Heterogeneity Comparisons Over Time and Across Journals
Using the effective number of universities metric changes many of the quantitative conclusions in the study. The trend toward journals publishing more articles over time and the differences between the count of articles published annually across the four journals leads Wellmon and Piper to mistakenly identify more recent and larger journals as less heterogeneous. For example, we reproduce Wellmon and Piper’s Figure 4, which examines the trend in heterogeneity across the four journals over time, using the effective number of universities metric in figure 3 (fig. 3). In the figure, the black line indicates the heterogeneity with respect to the authors’ current institution and the red line indicates heterogeneity with respect to the authors’ PhD institution. Wellmon and Piper’s graph indicates a long-term decline in heterogeneity, but little change since 1990. While we also observe little change since 1990, the “effective number of firms” metric indicates a longer-term trend towards greater diversity.
Similarly, we come to different conclusions about the relative level of heterogeneity across the four journals.[9] In table 1, we present the effective number of universities for each journal both in terms of the current and PhD university affiliations of the authors, along with 95 percent confidence intervals, using the methodology in Chao and Jost.[10]

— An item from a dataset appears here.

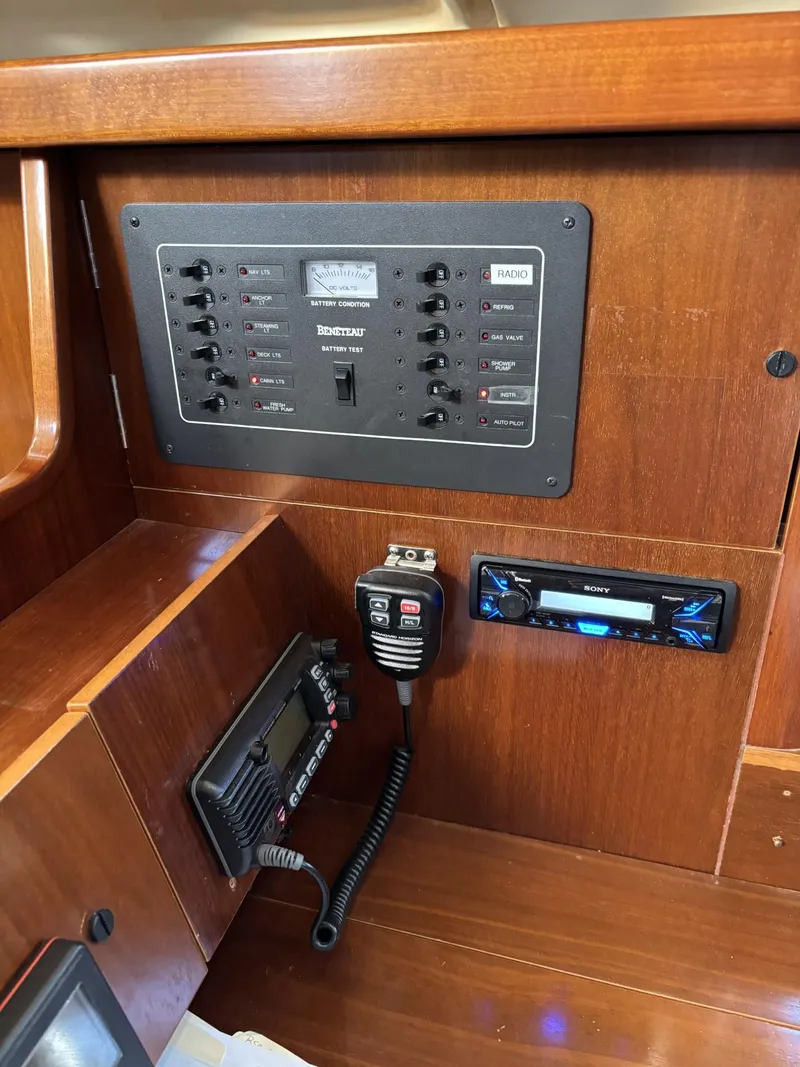 Slide: The Image of Control panel of a 1997 Beneteau Oceanis 351 sailboat interior. - 28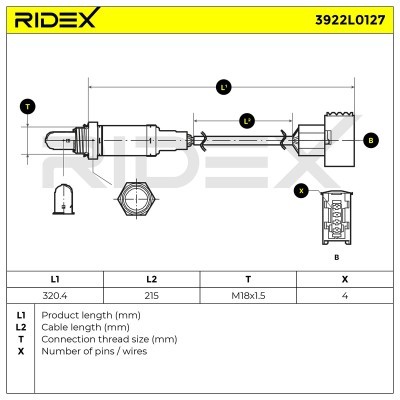 Lambda (Oxygen) Sensor RIDEX 3922L0127 3922L0127 - photo 6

We find that New Literary History (NLH) and PMLA are the most heterogeneous, both in terms of the author’s current and PhD affiliations. Representations is the least heterogeneous. Critical Inquiry (CI) falls in the middle. Unlike Wellmon and Piper, we find this ranking to be consistent across the types of author affiliation. The journals with more diverse institutional representation in terms of current author affiliation are also more diverse in terms of where the author received their PhD. However, we do observe that there is greater disparity across journals when examining the diversity of the authors’ current affiliation than the PhD affiliation.